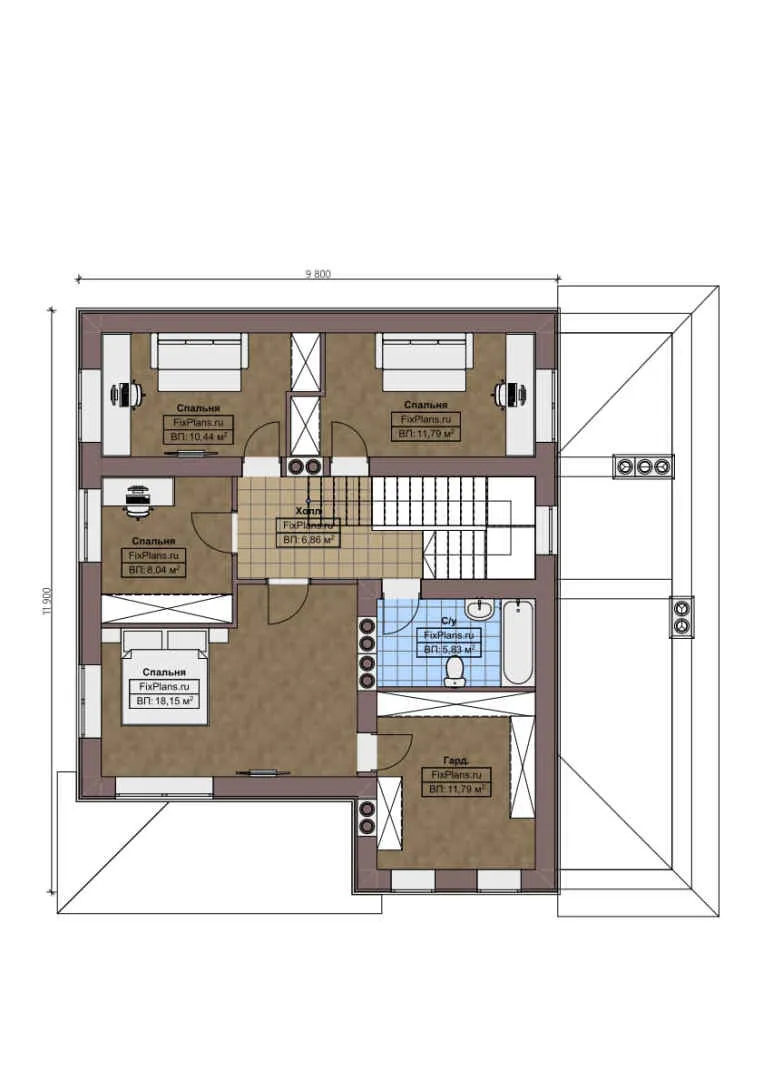 F-0530 - Планы двухэтажного дома 12 на 13, площадью 220 м² с террасой, гаражом на 1 машину и 4 спальнями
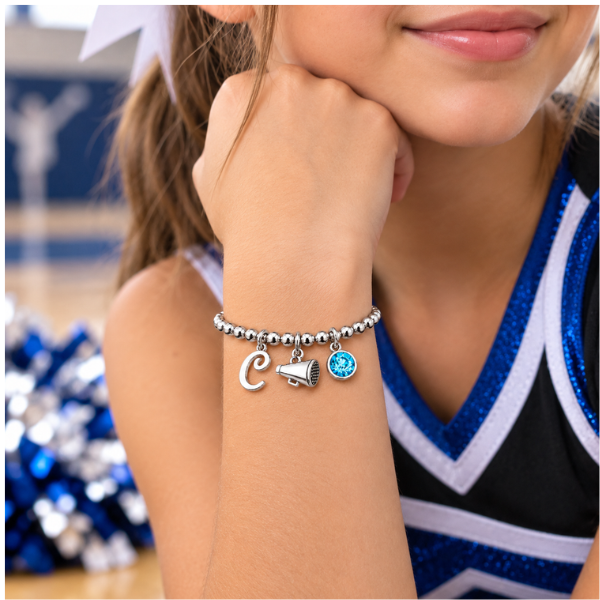 Personalized Beaded Cheer Charm Bracelet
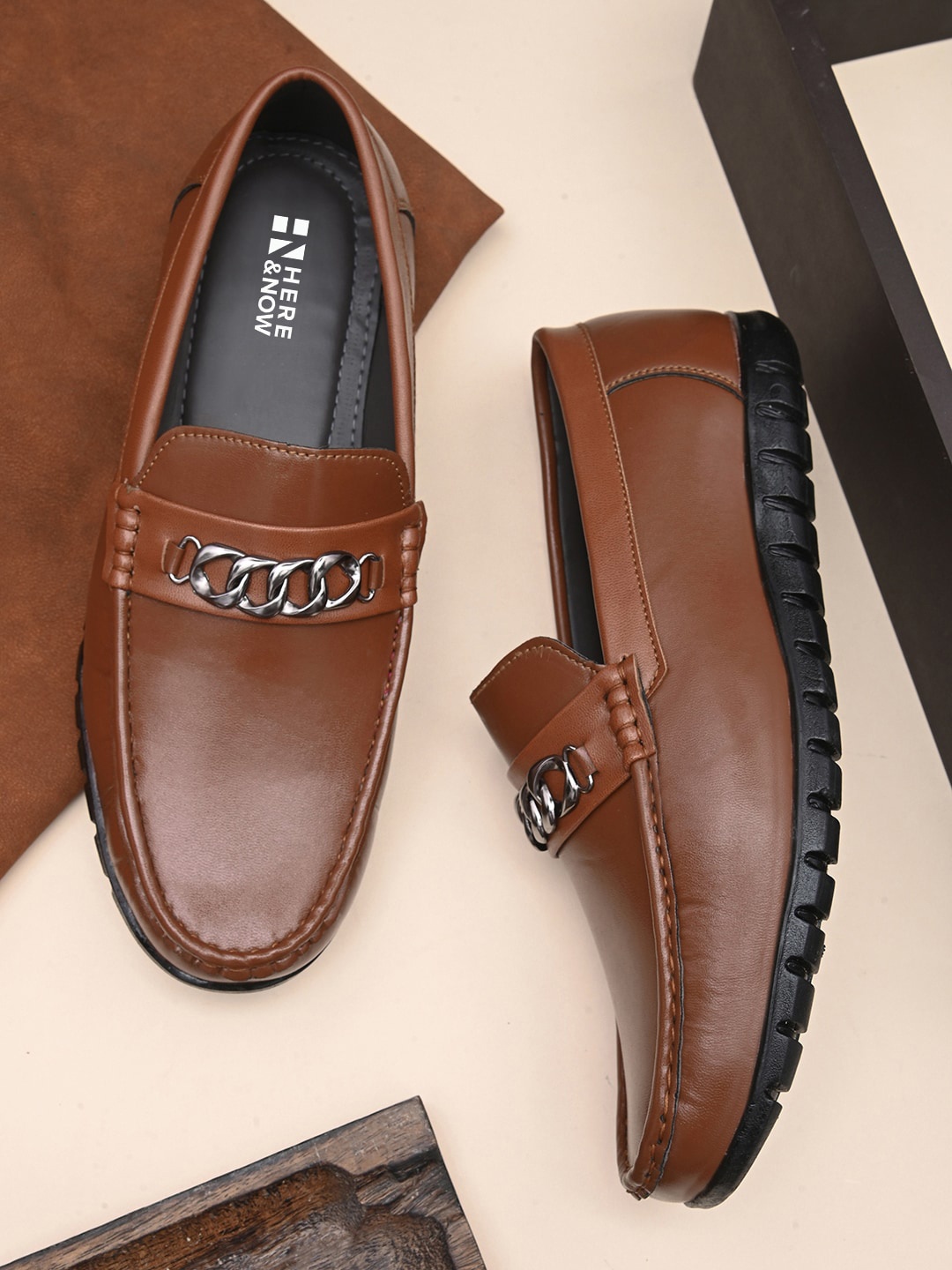 

HERE&NOW Men Tan Lightweight Slip-On Loafers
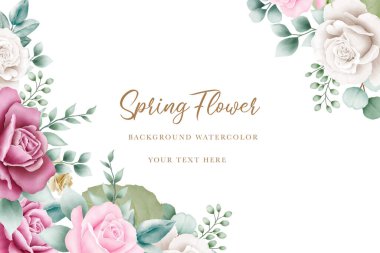 hand drawn floral roses background watercolor design clipart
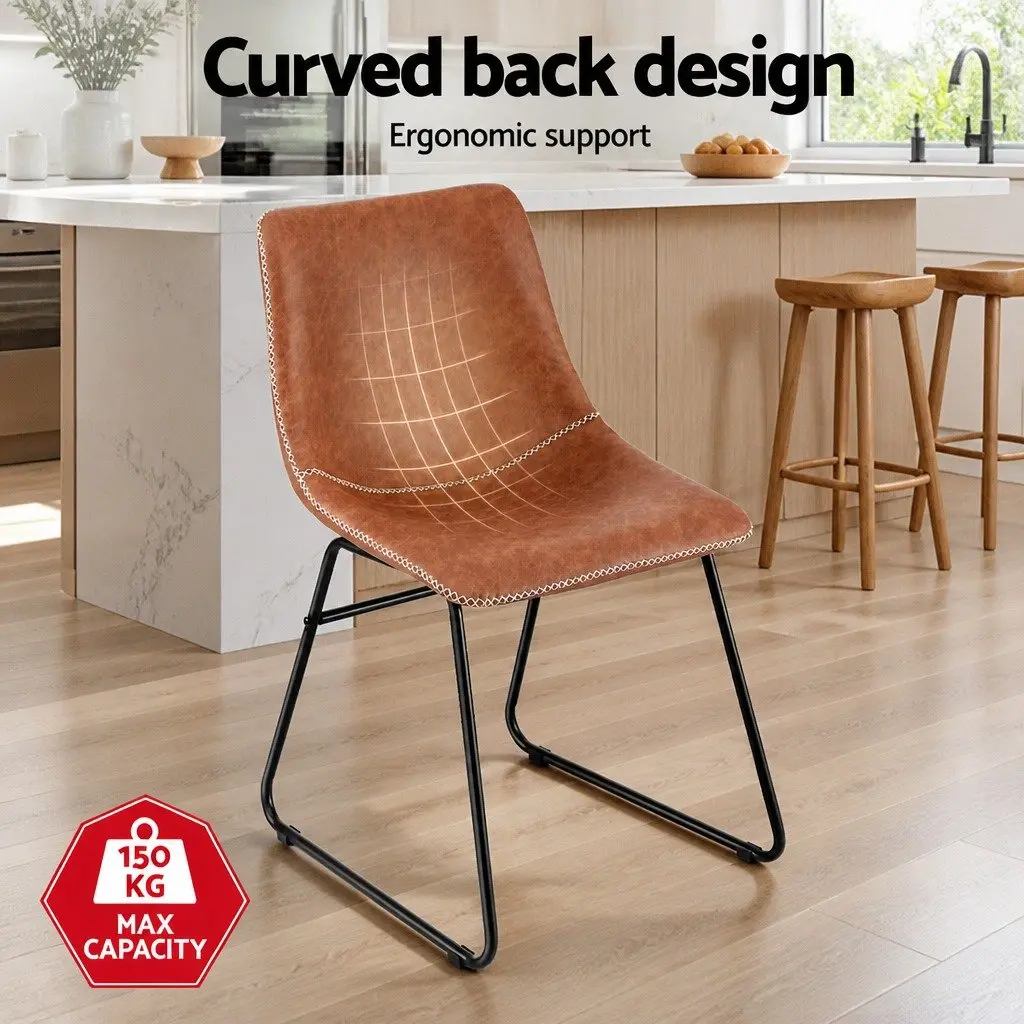 Dining Chairs Retro Kitchen Lounge Accent Seat Brown PU Leather Sled Legs x2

+++

Exercise: Pictures are to be left out; everything else in the records gets retyped exactly.

Written solution:
 F-0530 - Планы двухэтажного дома 12 на 13, площадью 220 м² с террасой, гаражом на 1 машину и 4 спальнями
 Personalized Beaded Cheer Charm Bracelet

HERE&NOW Men Tan Lightweight Slip-On Loafers
 hand drawn floral roses background watercolor design clipart
 Dining Chairs Retro Kitchen Lounge Accent Seat Brown PU Leather Sled Legs x2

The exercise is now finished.